Early detection and treatment of diabetes can significantly decrease the risk of developing complications. Diagnosis involves blood tests including a fasting blood glucose, postprandial blood glucose, or an A1C test, also referred to as the HbA1c or glycohemoglobin test.
Exogenous (injected) insulin is needed when inadequate levels to meet metabolic needs are present. Those with type 1 diabetes will require exogenous insulin (often multiple times per day or by a continuous infusion pump) to survive. At first, those with type 2 diabetes may be able to control blood glucose levels without insulin injections by using nutritional therapy, exercise, oral agents, and noninsulin injectable agents. However, because diabetes is a progressive disease, over time those modalities may no longer adequately control blood glucose levels and insulin will be needed, especially during periods of illness or severe stress.
Oral hypoglycemics are used only in the treatment of type 2 diabetes and include Biguanides, Sulfonylureas, Meglitinides, Alpha-glucosidase inhibitors, Thiazolidinediones, and Dipeptidyl Peptidase-4 (DPP-4) inhibitors. These drugs work to improve the mechanisms by which the body produces and uses insulin and glucose by targeting the three defects of type 2 diabetes, which involves insulin resistance, decreased insulin production, and increased hepatic glucose production.

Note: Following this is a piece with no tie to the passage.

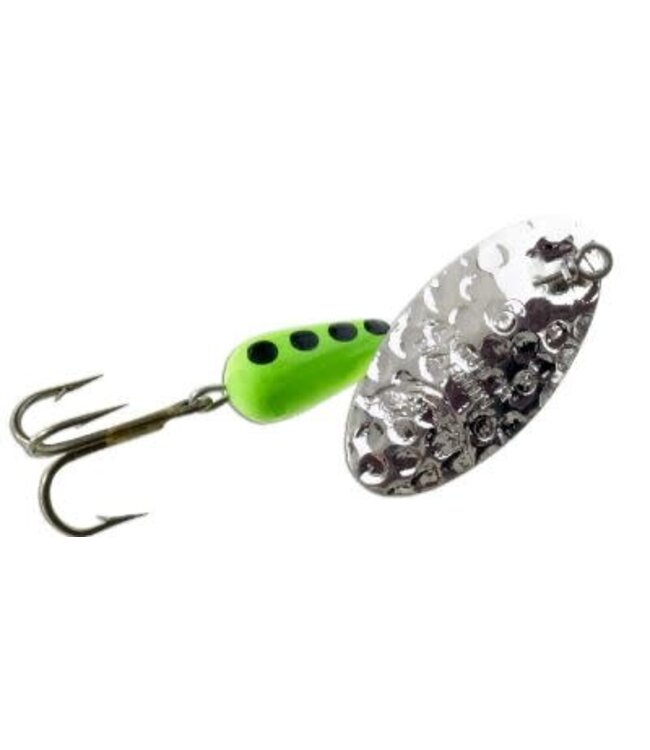 PANTHER MARTIN PANTHER MARTIN:HAMMERED - HAMMERED SILVER BLADE/CHART BODY/BLACK DOT - 1/16OZ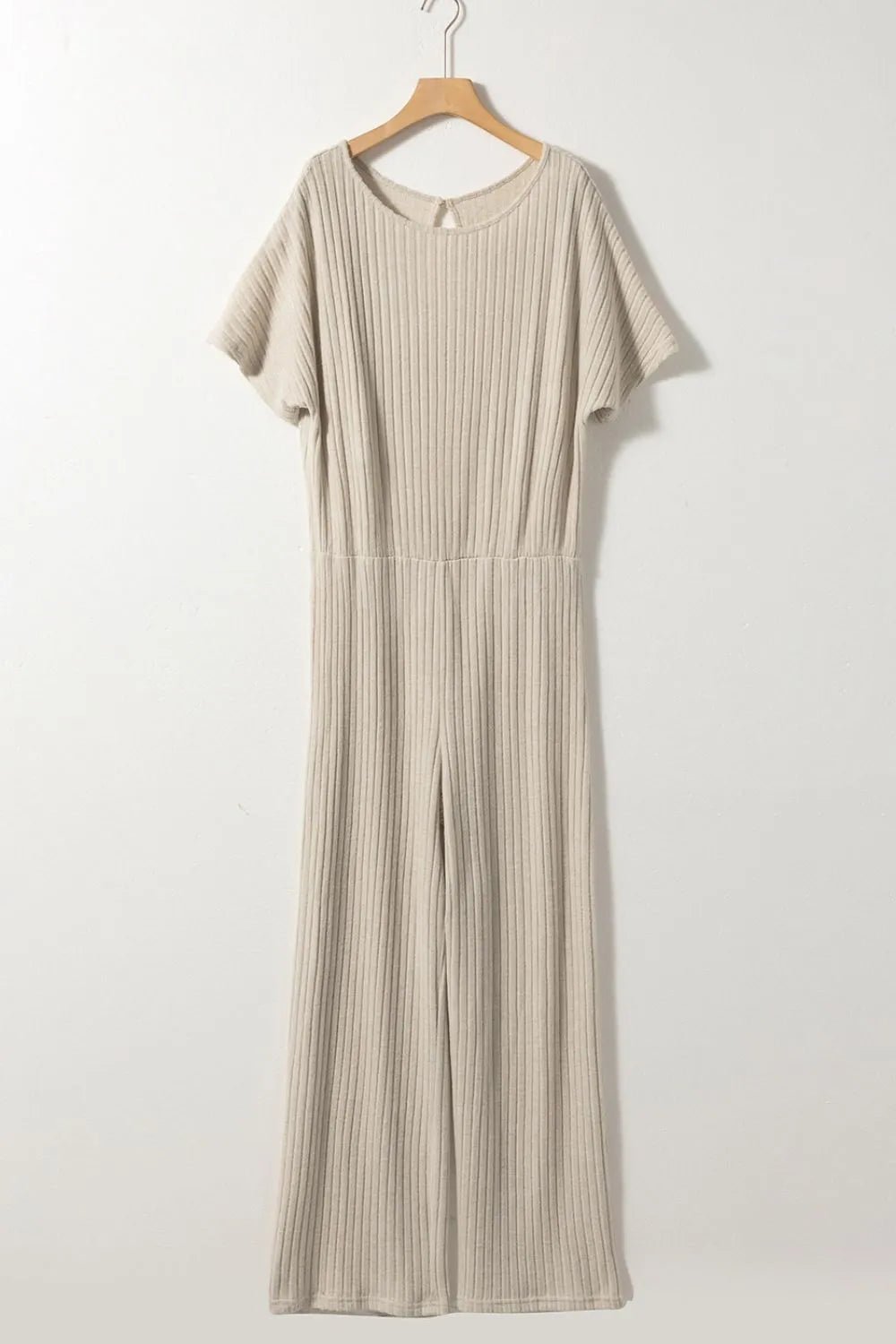 Ribbed Knit Wide Leg Jumpsuit.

Glucose monitoring is a tool for achieving and maintain specific glycemic goals. It allows for the appropriate action to be taken regarding food intake, activity, medication dosage, and identification of complications such as hyperglycemia or hypoglycemia. The frequency of monitoring depends on factors such as the patient’s glycemic goals, type of diabetes, or the patient’s willingness to test.
Regular exercise is an important aspect of diabetes management, as it can decrease insulin resistance and have a direct effect on lowering blood glucose levels. Recommendations include at least 150 minutes per week of moderate-intensity aerobic activity. Those with type 2 diabetes are also encouraged to participate in resistance training 3 times per week. Be sure to monitor blood glucose levels before, during, and after exercise.
The nutrient balance of a diabetic diet is essential to maintain blood glucose levels and meal planning should revolve around the individual’s needs and balanced with insulin and exercise patterns. The key component is control of carbohydrates as these are composed of different forms of sugar, which contribute to elevated blood glucose levels. The amount of calories ingested at one time should be monitored and controlled in order to avoid severe spikes in blood glucose. High protein diets are not recommended for weight loss.
There are a number of acute and chronic complications that can occur as a result of diabetes due to its progressive and debilitating nature. Acute complications may involve the misuse of insulin, being unaware of the symptoms of hyperglycemia and hypoglycemia, which can lead to conditions such as diabetic ketoacidosis (DKA) or hyperglycemic hyperosmolar nonketotic syndrome (HHNS). Chronic complications can include retinopathy, peripheral vascular disease, neuropathy, and nephropathy.
Complications of insulin therapy may include hypoglycemia, allergic reactions, lipodystrophy (atrophy of subcutaneous tissue), or the Somogyi effect. The Somogyi effect, also known as rebound hyperglycemia, occurs due to undetected hypoglycemia throughout the night (possibly due to too much insulin or lack of a bedtime snack), which causes the body to release counterregulatory hormones, thus stimulating the release of stored glucose and hyperglycemia occurs. It is often treated by decreasing the insulin dosage before bed. The Dawn Phenomenon, which is hyperglycemia upon awakening, occurs with many diabetics, especially young adults who are still growing (presence of growth hormone).
Diabetic ketoacidosis (DKA) is a medical emergency and complication of diabetes characterized by blood sugars above 250 mg/dL, metabolic acidosis with pH below 7.3 and bicarbonate below 18 with ketones present in the urine. Patients have increased insulin requirements, which leads to a shortage. As a response, the body begins burning excess fat, causing ketone body buildup.